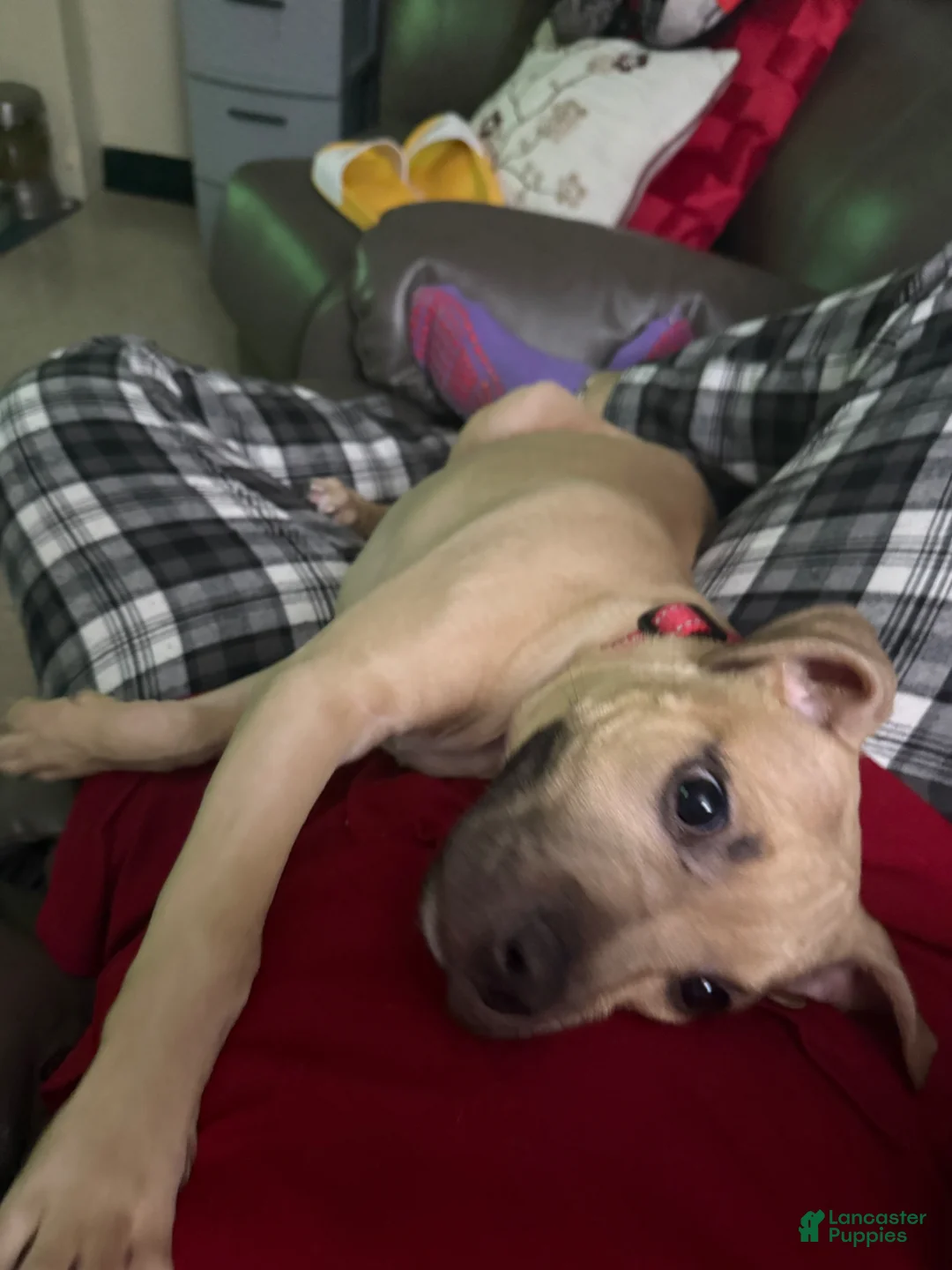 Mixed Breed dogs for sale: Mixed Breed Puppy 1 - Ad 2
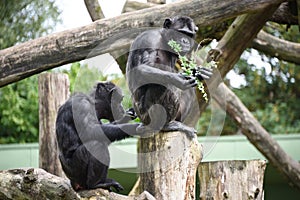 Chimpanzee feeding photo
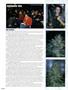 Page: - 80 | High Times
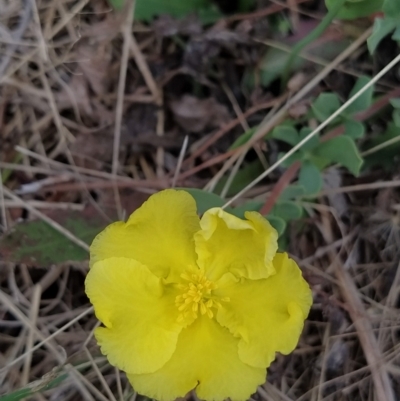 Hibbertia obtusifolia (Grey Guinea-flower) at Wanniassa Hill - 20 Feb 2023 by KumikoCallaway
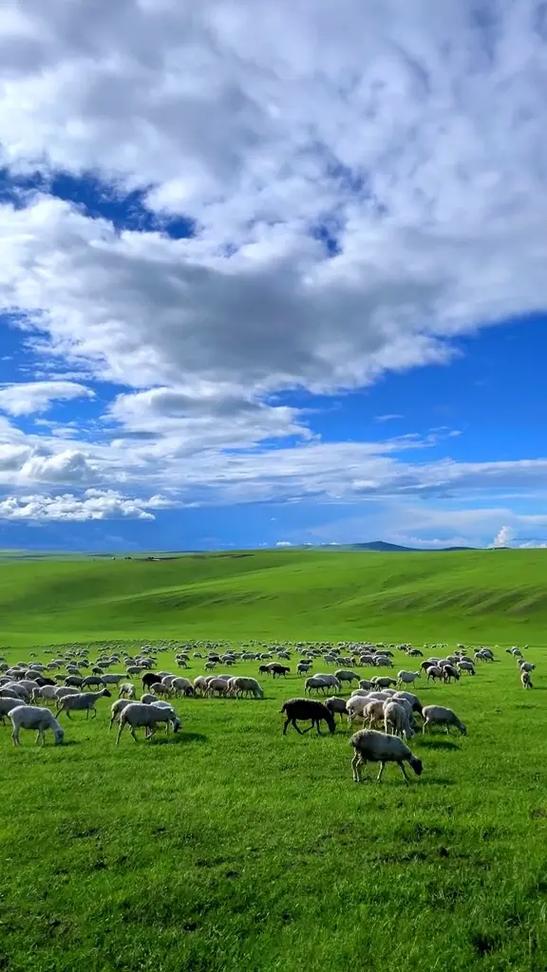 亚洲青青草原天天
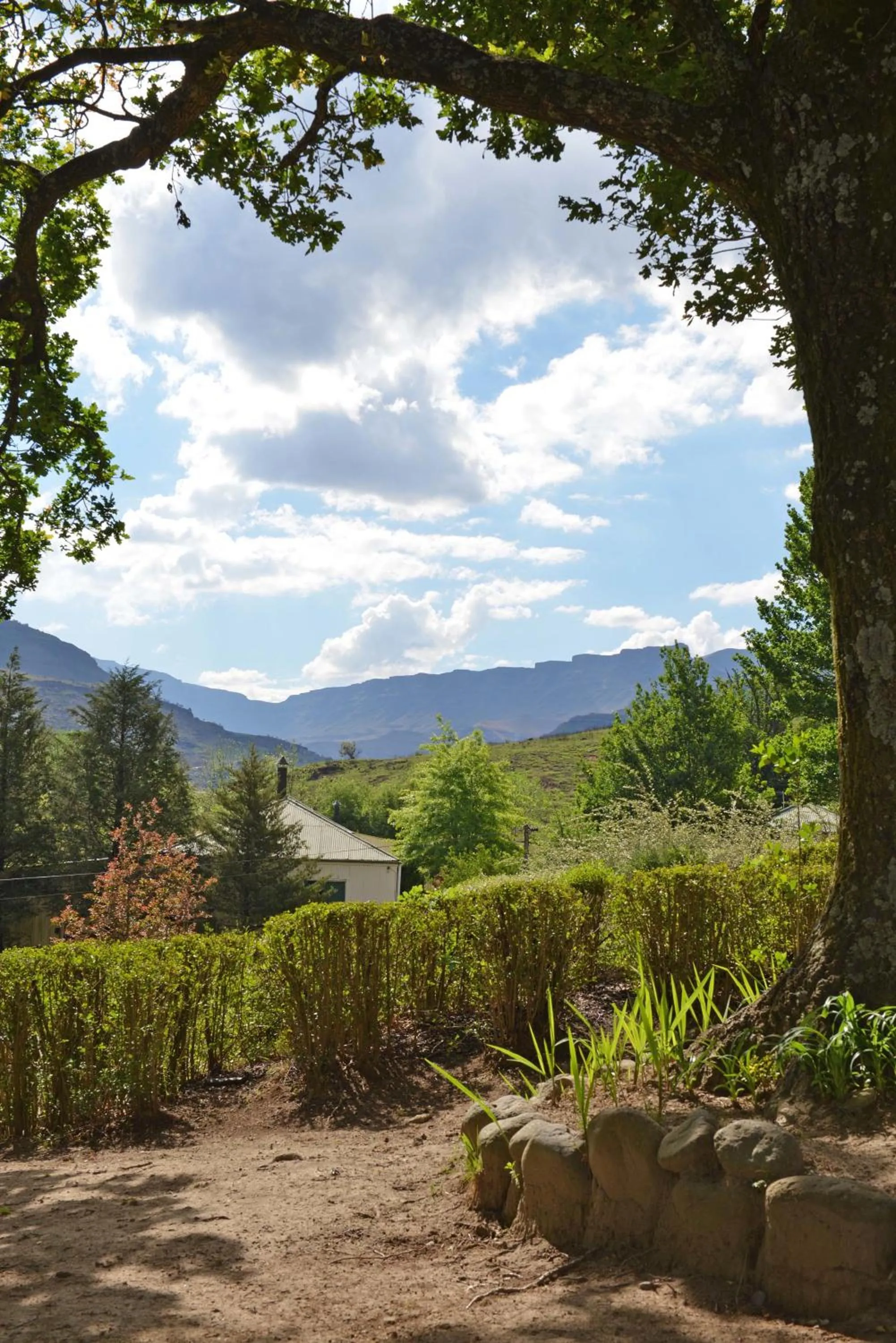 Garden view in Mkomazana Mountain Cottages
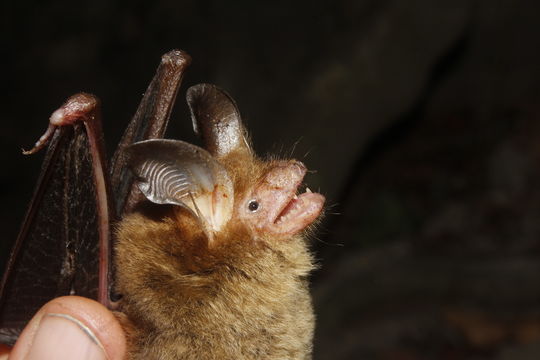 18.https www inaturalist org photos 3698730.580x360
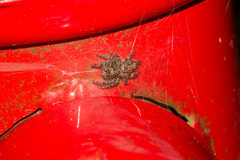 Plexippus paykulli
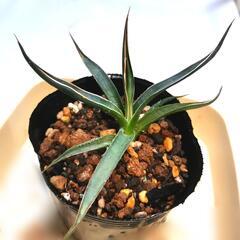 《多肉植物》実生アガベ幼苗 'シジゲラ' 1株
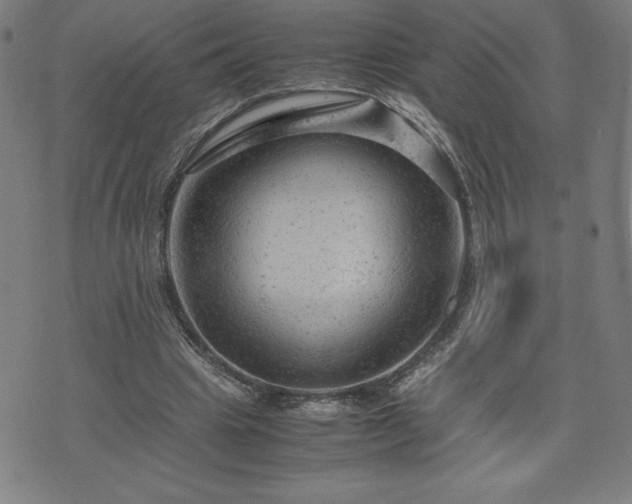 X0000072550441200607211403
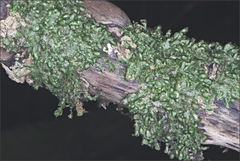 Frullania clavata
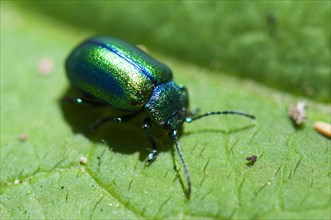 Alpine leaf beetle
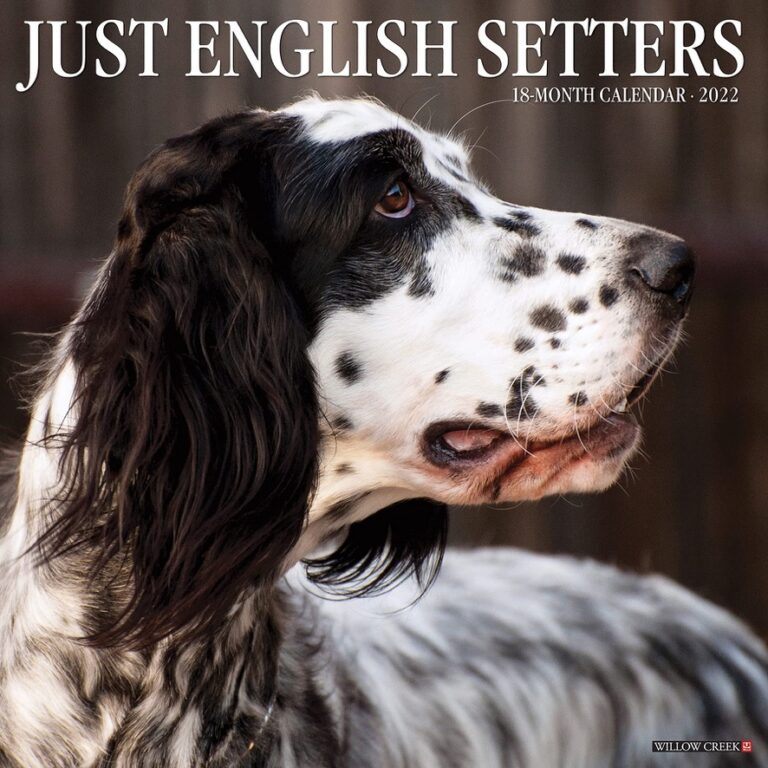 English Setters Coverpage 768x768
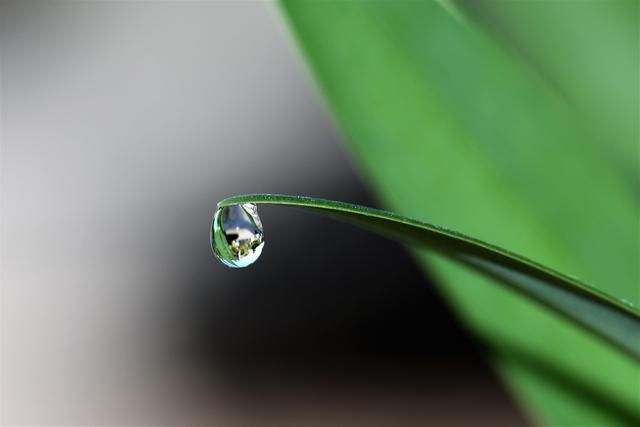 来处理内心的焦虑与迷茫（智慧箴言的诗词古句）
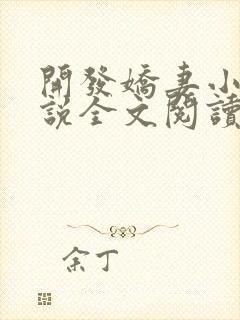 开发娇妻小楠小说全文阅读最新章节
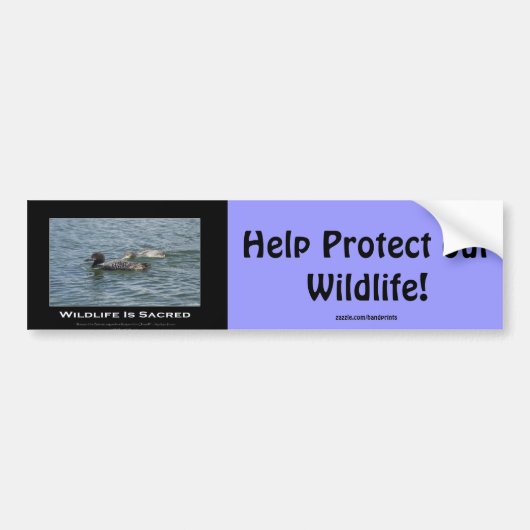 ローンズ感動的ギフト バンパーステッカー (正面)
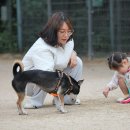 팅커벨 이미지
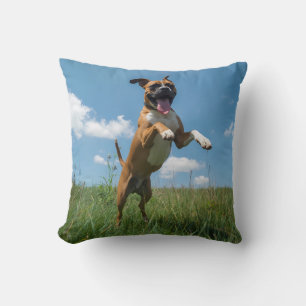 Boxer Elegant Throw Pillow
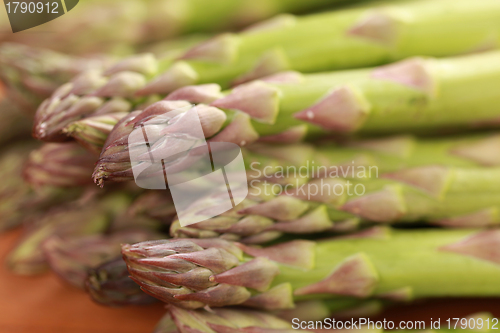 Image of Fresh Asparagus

◆ Assignment ◆
After locating the line with "来处理内心的焦虑与迷茫（智慧箴言的诗词古句）" in the listing above, transcribe it and every line after it to the last, exactly, with no pictures.

◆ Answer to this exercise ◆
 来处理内心的焦虑与迷茫（智慧箴言的诗词古句）
 开发娇妻小楠小说全文阅读最新章节
 ローンズ感動的ギフト バンパーステッカー (正面)
 팅커벨 이미지
 Boxer Elegant Throw Pillow
 Image of Fresh Asparagus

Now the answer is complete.